First there is definitely a literature in experimental psychology on
multi-tasking, which pretty strong suggests it's bad - the sum of
performance on tasks performed in sequence is better than performance on the
tasks performed simultaneously (which is operationalized as going back and
forth between the two). However, like much of basic research in psychology,
it's strong in controls, but not real strong in ecological validity. One of
the classic studies, involved tasks involving identification of basic
shapes. (rebenstein et al., Journal of Experimental Psych) and there are a
number of others.
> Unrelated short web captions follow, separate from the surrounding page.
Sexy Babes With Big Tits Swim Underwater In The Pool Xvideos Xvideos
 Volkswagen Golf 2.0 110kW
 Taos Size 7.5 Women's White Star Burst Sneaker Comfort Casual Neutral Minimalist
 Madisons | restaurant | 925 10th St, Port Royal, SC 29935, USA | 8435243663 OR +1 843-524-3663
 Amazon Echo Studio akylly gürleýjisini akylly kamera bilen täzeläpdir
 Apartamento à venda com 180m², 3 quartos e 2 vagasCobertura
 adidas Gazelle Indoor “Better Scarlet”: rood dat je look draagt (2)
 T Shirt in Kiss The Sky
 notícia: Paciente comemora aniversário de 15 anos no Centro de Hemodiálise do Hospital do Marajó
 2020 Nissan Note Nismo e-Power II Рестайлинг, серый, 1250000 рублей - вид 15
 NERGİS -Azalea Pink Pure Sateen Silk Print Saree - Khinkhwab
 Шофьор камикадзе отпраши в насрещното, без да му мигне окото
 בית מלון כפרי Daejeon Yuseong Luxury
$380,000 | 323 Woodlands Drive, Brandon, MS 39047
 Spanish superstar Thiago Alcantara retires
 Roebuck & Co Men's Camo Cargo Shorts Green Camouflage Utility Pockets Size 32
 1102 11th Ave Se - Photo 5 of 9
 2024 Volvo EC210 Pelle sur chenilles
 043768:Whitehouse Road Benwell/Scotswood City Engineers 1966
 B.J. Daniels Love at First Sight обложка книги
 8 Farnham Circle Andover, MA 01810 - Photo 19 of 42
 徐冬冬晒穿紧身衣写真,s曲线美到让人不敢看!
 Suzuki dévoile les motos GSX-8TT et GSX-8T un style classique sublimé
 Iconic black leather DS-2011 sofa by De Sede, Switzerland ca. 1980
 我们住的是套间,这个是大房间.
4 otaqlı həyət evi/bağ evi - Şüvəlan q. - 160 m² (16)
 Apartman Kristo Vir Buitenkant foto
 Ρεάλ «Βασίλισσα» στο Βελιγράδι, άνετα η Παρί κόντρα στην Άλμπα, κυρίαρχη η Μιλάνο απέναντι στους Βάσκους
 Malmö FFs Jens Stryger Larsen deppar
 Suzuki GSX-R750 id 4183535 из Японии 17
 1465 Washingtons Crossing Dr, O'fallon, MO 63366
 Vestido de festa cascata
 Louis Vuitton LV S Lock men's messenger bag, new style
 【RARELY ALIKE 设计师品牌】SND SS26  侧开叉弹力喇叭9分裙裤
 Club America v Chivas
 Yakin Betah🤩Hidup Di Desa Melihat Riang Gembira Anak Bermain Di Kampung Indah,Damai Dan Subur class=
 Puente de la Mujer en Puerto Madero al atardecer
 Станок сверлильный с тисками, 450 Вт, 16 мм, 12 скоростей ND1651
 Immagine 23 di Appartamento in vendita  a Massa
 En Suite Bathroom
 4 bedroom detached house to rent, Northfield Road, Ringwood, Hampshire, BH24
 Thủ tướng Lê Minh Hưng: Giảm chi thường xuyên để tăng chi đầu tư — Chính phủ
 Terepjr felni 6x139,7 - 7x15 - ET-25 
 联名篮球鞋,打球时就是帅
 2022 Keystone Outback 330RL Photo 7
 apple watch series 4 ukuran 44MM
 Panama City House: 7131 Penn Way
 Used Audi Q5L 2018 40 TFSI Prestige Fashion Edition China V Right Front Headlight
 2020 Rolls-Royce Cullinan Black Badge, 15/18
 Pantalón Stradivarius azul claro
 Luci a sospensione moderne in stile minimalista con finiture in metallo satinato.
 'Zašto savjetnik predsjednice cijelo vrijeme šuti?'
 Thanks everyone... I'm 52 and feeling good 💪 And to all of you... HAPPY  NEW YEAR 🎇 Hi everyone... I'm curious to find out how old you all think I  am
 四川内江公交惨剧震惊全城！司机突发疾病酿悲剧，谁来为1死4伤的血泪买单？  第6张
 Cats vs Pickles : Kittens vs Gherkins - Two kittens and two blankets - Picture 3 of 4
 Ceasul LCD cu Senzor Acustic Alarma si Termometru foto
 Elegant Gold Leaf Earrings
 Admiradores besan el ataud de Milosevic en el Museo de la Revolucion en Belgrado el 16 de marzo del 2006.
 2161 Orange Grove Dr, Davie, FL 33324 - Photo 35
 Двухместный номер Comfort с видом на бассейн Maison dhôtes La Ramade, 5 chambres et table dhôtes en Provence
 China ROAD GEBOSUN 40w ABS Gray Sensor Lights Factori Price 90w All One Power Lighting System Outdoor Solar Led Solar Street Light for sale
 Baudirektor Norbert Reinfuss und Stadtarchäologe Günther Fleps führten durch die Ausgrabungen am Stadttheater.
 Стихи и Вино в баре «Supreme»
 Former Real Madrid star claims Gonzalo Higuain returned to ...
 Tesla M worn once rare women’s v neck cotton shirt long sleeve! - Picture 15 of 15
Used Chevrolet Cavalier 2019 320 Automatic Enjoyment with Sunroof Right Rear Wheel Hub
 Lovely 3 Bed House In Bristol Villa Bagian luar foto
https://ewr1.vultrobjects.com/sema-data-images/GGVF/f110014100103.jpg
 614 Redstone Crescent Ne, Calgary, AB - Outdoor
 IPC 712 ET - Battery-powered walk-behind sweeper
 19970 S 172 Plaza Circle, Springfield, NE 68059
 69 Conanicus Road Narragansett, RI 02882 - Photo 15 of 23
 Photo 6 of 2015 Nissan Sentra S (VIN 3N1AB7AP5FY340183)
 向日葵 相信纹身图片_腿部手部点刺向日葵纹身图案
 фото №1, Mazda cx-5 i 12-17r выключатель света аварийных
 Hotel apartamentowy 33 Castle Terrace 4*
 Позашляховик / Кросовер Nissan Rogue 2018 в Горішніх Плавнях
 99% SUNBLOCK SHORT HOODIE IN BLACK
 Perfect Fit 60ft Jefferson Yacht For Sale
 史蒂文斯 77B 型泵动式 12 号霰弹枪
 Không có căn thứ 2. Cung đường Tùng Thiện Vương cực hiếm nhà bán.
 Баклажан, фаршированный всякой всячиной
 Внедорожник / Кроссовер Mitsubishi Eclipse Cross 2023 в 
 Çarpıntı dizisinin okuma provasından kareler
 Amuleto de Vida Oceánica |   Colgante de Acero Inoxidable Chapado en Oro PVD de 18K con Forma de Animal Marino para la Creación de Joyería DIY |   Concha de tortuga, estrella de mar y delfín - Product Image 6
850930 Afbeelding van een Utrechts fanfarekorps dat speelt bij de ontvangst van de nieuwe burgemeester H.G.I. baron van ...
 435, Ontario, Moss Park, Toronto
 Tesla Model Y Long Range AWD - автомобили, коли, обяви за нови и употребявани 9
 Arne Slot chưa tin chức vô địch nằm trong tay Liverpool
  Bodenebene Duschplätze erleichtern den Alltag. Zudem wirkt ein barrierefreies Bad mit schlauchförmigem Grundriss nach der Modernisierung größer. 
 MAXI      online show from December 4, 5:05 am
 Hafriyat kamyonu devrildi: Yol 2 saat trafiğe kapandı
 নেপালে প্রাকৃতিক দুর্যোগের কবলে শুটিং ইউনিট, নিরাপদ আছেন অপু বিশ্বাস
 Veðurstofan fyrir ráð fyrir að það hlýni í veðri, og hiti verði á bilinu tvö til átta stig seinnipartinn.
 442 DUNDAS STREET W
Basically the idea is that you develop a schema/framework
that is guiding you in one task and it takes additional resources every time
you move to another task and then apply another schema -

Besides the fact that this is not a real task anyone would ever do when
multi-tasking, differences with the applications of multi-tasking as we are
discussing them are that the students may well have developed sort of meta
schemas (my term) from lots of practice so that all the multi-tasks together
are sort of one big task.

More importantly, in my student's research he had participants complete a
web design task using dreamweaver, while using video screen-capture
tutorials and he defined multi-tasking as degree of switching among windows
(not necessarily monitors) and found that multi-tasking actually helped
performance. Of course, in his case the multi-tasks were sort of like
sub-tasks of one big task. So, his interpretation is that multi-tasking can
actually be effective, when the multiple tasks help one another - all are
aiming at one goal - not indpendent tasks. For the record, we publish all
the thesis on line and we'll do that after he defends.

More anecdotally, I will say, in my experience, it's not very fun to lecture
or carry on a meeting or a conversation when your "audience" is doing other
stuff, though I'm not a big fan of lecture much anymore anyway.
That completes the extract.